L’avvocatura non ci sente. Lo so, ma non c’è nessuna lesione delle garanzie. La reformatio in peius è già prevista per i decreti penali di condanna, emessi dal giudice quando la pena è solo pecuniaria. Se il condannato si oppone, si va a processo e alla fine, anziché la multa, può arrivare la reclusione. Se impugni, lo fai a tuo rischio e pericolo. Dov’è la lesione dei diritti dell’uomo? Li hanno inventati i francesi con la Rivoluzione e la reformatio in peius ce l’hanno eccome.

Però già oggi i ricorsi inammissibili sono dichiarati tali, almeno in Cassazione.

Sì, ma intanto tutti li propongono e si perde un sacco di tempo. La sanzione pecuniaria, 2-6mila euro a imputato, non spaventa nessuno. Anzi, non la paga quasi nessuno: lo Stato incassa solo il 4%, perché gran parte degli imputati non dichiara redditi né ha beni al sole. Basterebbe rendere responsabile in solido l’avvocato. Così, quando il cliente gli chiede di ricorrere, gli fa depositare fino a 6 mila euro e poi, in caso di inammissibilità del ricorso, verserà lui la somma al posto del cliente.

Altre soluzioni?

Nei Paesi di Common Law, c’è il reato di oltraggio alla Corte per chi fa perdere tempo inutile. Basterebbe consentire al giudice di valutare anche le impugnazioni meramente dilatorie per aumentare la pena. Altra cosa: per legge, può emettere la sentenza solo il giudice che ha acquisito personalmente tutte le prove. Se un membro del collegio va in maternità o in pensione o viene trasferito, a richiesta della difesa bisogna riacquisire tutte le prove, anche se ora le Sezioni Unite della Cassazione hanno tentato di arginare questa prassi insensata.

Basta così?

Io rivedrei il patrocinio gratuito a spese dello Stato per i non abbienti. La non abbienza è una categoria fantasiosa, perché molti imputati risultano nullatenenti. Così lo Stato paga i loro avvocati a piè di lista per tutti gli atti compiuti, e quelli compiono più atti possibile per aumentare la parcella. Molto meglio fissare un forfait una tantum secondo i tipi di processo: così gli avvocati perdono interesse a compiere atti inutili. E lo Stato, con i risparmi, può difendere gratis le vittime, che invece la dichiarazione dei redditi la presentano e di rado accedono al gratuito patrocinio.

Anche le notifiche a vuoto agli imputati che non si fanno trovare producono continui rinvii delle udienze.

La legge consente di notificare gli atti al difensore, ma questo può dichiarare di non accettare notifiche.
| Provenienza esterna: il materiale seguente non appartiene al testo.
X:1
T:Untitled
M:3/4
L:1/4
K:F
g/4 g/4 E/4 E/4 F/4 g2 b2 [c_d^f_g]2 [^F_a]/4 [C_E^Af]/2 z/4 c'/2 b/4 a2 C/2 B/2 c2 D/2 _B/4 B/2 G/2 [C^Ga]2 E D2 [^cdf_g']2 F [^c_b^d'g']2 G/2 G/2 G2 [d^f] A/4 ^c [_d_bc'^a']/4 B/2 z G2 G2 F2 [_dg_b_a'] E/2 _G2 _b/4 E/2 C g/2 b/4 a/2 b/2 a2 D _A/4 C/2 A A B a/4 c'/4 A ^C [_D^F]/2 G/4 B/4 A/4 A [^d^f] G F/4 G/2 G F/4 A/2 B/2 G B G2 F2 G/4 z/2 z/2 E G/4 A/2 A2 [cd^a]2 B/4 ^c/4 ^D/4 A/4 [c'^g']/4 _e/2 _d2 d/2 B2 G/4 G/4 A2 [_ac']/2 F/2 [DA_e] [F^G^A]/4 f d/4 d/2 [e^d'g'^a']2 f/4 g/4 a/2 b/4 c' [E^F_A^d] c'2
Basterebbe adottare il sistema americano: la prima notifica deve avvenire nelle mani dell’imputato, poi sta a lui andare a vedere le altre nella cancelleria del tribunale. Se non ci va, è colpa sua. Il guaio è che chi tuona contro i processi lunghi in questi anni non ha fatto che allungarli, secondo una regola ferrea: rendere difficile il facile attraverso l’inutile.